• **Prompt**
Copy out exactly, from the entries that follow, the line holding "2017 Mahindra XUV500", the line holding "53051 - Photo 1", and all lines between them, but no pictures.

• **Information supplied**
□ □ □
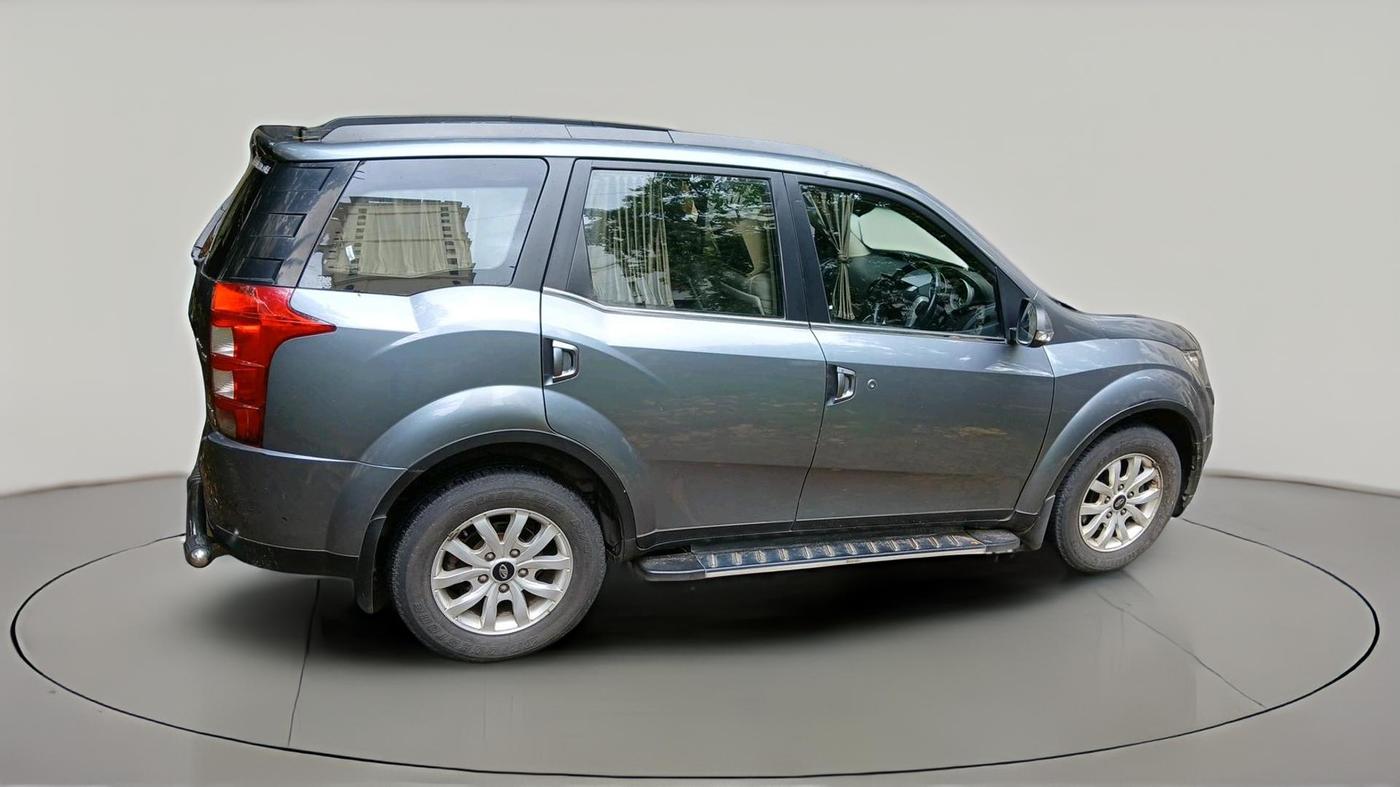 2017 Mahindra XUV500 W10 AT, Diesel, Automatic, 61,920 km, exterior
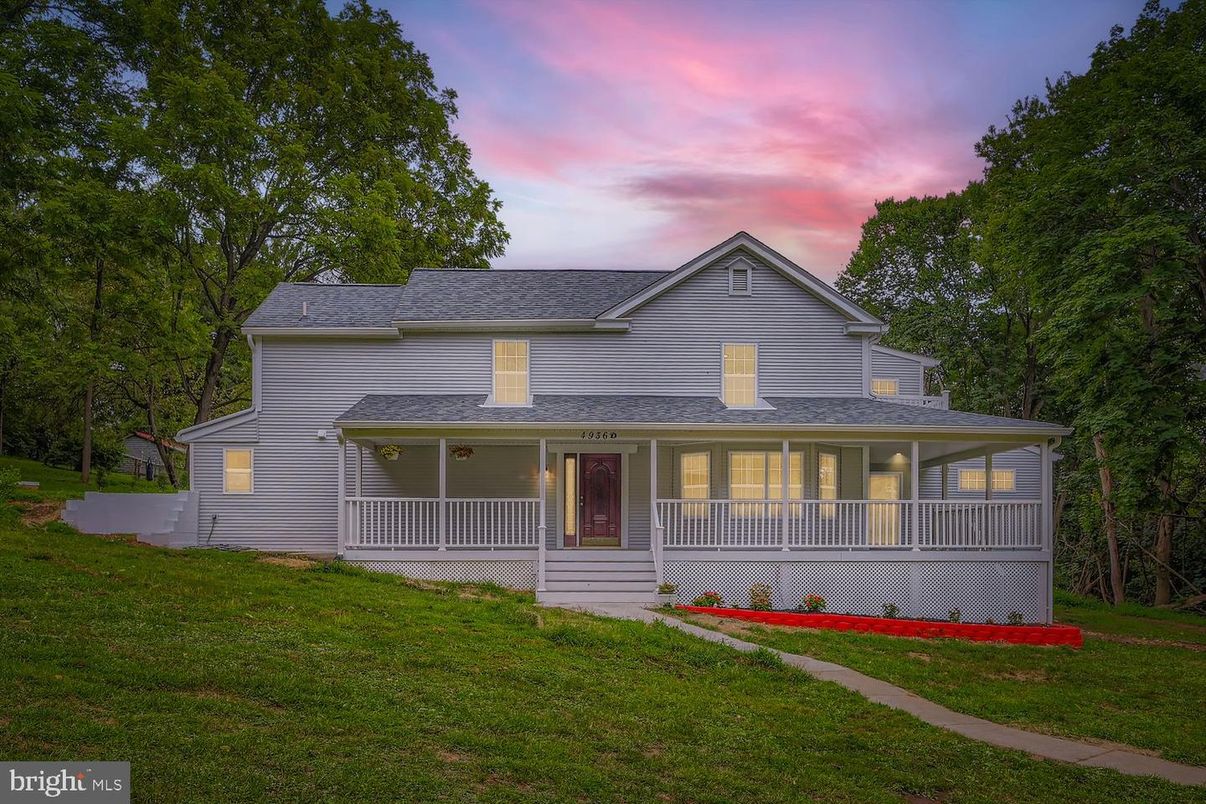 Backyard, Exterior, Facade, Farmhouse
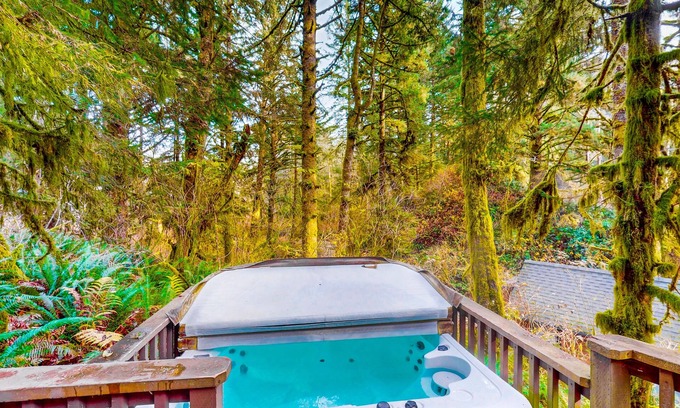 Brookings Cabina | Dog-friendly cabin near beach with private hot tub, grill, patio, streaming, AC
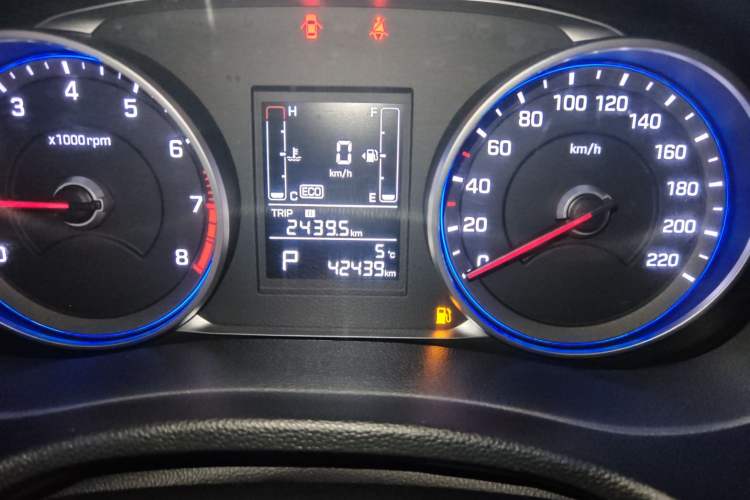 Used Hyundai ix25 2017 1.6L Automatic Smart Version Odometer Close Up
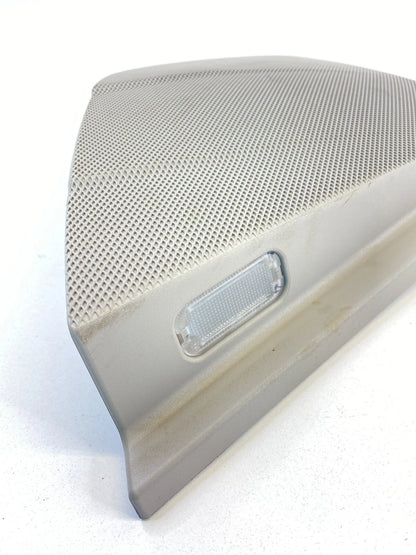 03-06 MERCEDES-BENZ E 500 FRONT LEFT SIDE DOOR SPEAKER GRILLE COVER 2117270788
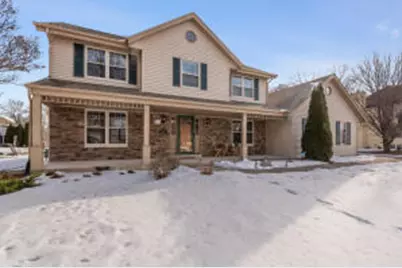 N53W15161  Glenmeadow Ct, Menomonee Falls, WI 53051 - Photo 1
□ □ □
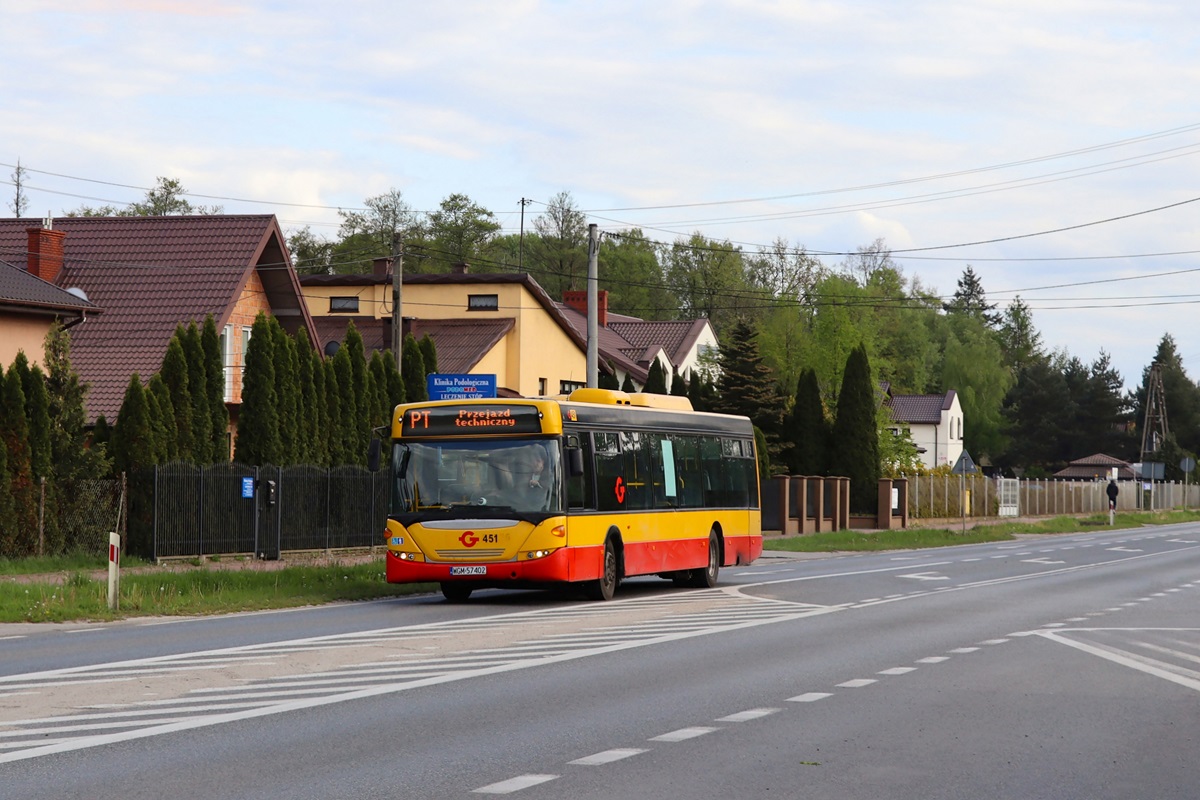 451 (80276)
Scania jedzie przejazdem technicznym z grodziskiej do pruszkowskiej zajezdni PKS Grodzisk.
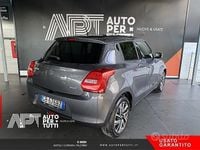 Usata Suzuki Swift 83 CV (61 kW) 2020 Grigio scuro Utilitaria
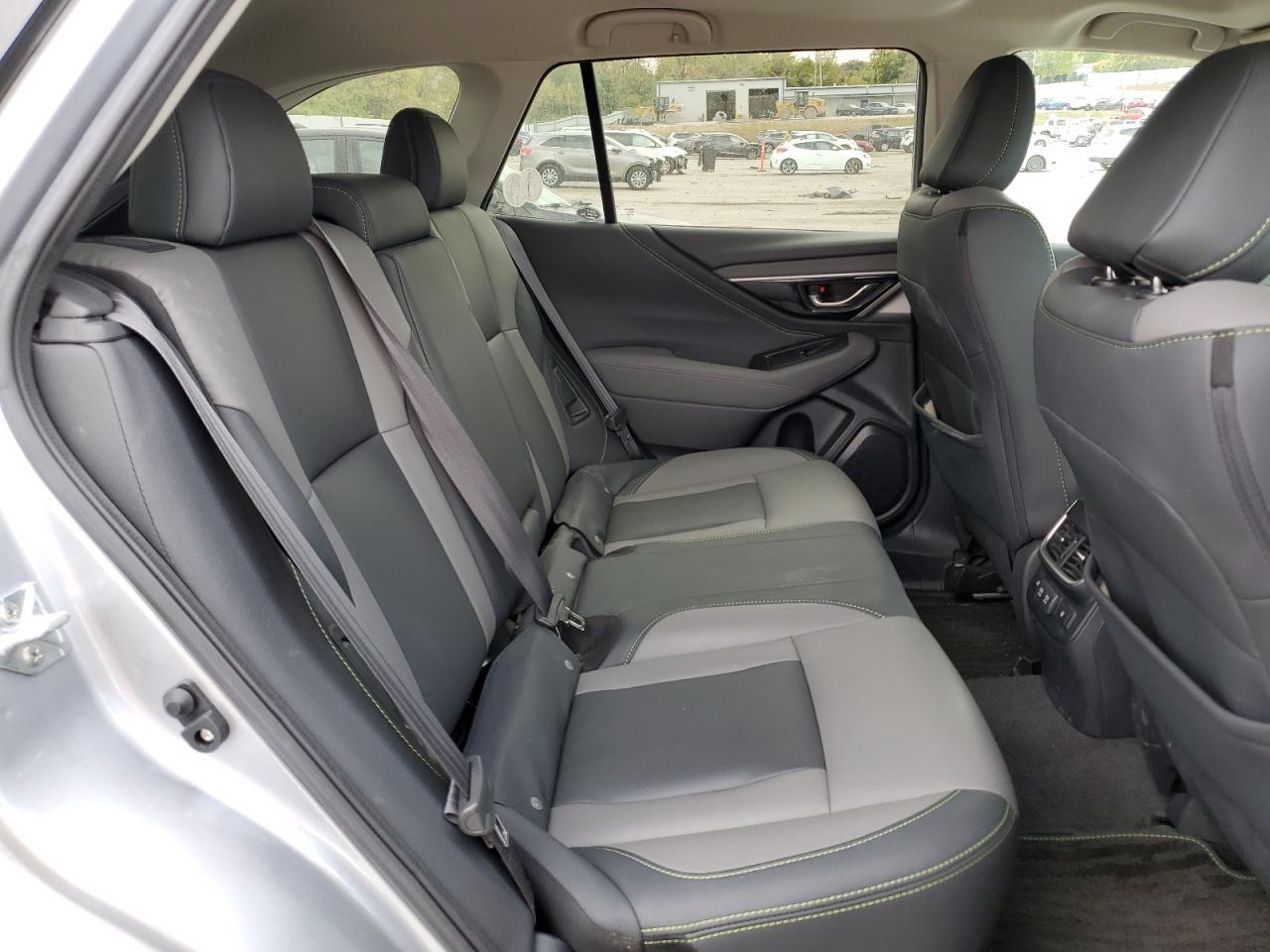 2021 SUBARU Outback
□ □ □
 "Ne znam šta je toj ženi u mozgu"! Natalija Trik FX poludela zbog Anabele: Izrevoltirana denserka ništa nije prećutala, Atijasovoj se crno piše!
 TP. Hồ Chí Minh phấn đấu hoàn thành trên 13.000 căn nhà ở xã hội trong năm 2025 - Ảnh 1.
□ □ □
• **Exercise result**
 2017 Mahindra XUV500 W10 AT, Diesel, Automatic, 61,920 km, exterior
 Backyard, Exterior, Facade, Farmhouse
 Brookings Cabina | Dog-friendly cabin near beach with private hot tub, grill, patio, streaming, AC
 Used Hyundai ix25 2017 1.6L Automatic Smart Version Odometer Close Up
 03-06 MERCEDES-BENZ E 500 FRONT LEFT SIDE DOOR SPEAKER GRILLE COVER 2117270788
 N53W15161  Glenmeadow Ct, Menomonee Falls, WI 53051 - Photo 1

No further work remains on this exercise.